[YOUR INSTRUCTIONS]
Each line of data below must be printed exactly as written, with any pictures removed.
BEGIN EXTRACTED DATA
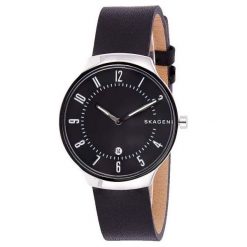 ZEGAREK SKAGEN GRENEN SKW6459. Zegarki męskie Skagen. Za 599,00 zł.
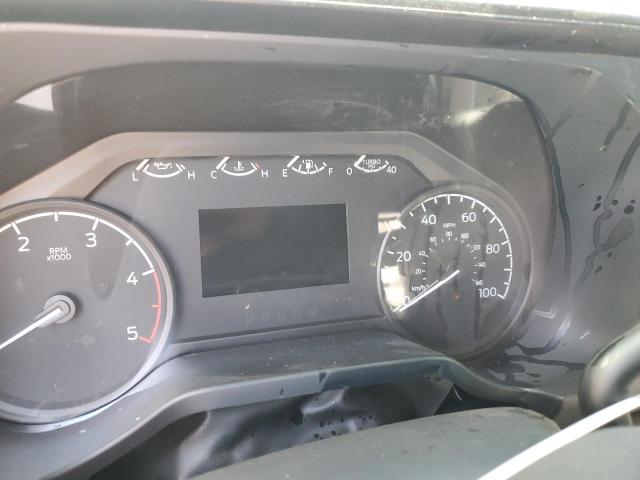 2024 FORD F250 SUPER - 1FT8W2BT1REE42077
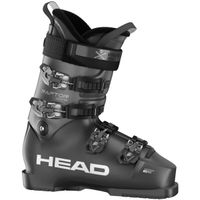 Head RAPTOR WCR 95 W Дамски ски обувки, черно, размер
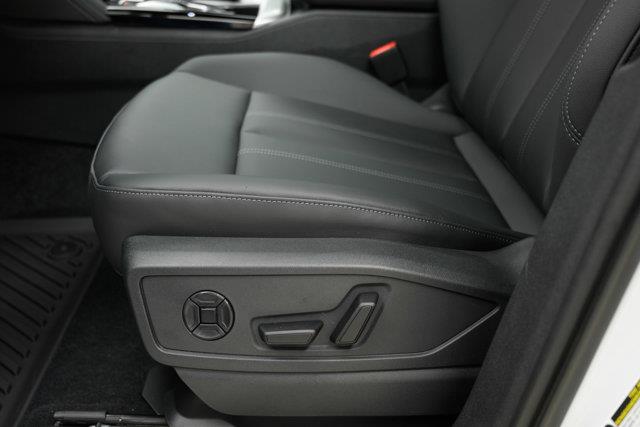 audi Q5 2026 - 14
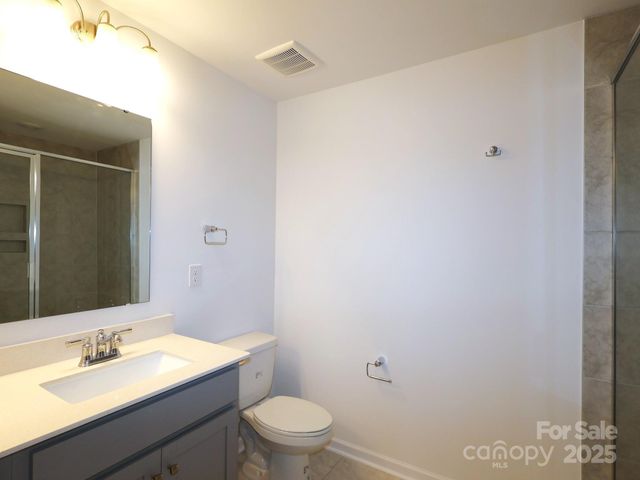 765 Lock Haven Drive NW, Concord, NC 28027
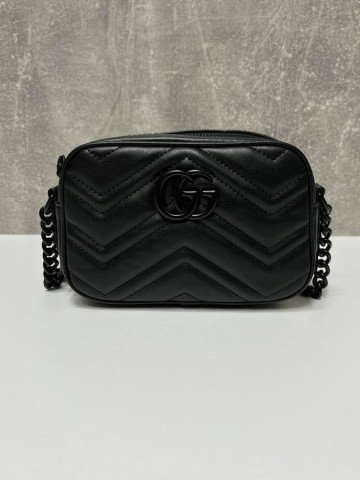Gucci сумка #179812ZC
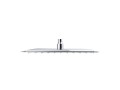 pol_pl_Zestaw-prysznicowy-Corsan-Ango-chrom-z-deszczownica-30-cm-bateria-sluchawka-i-wylewka-1106_13.jpg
END EXTRACTED DATA
[COMPLETED TASK]
 ZEGAREK SKAGEN GRENEN SKW6459. Zegarki męskie Skagen. Za 599,00 zł.
 2024 FORD F250 SUPER - 1FT8W2BT1REE42077
 Head RAPTOR WCR 95 W Дамски ски обувки, черно, размер
 audi Q5 2026 - 14
 765 Lock Haven Drive NW, Concord, NC 28027
Gucci сумка #179812ZC
 pol_pl_Zestaw-prysznicowy-Corsan-Ango-chrom-z-deszczownica-30-cm-bateria-sluchawka-i-wylewka-1106_13.jpg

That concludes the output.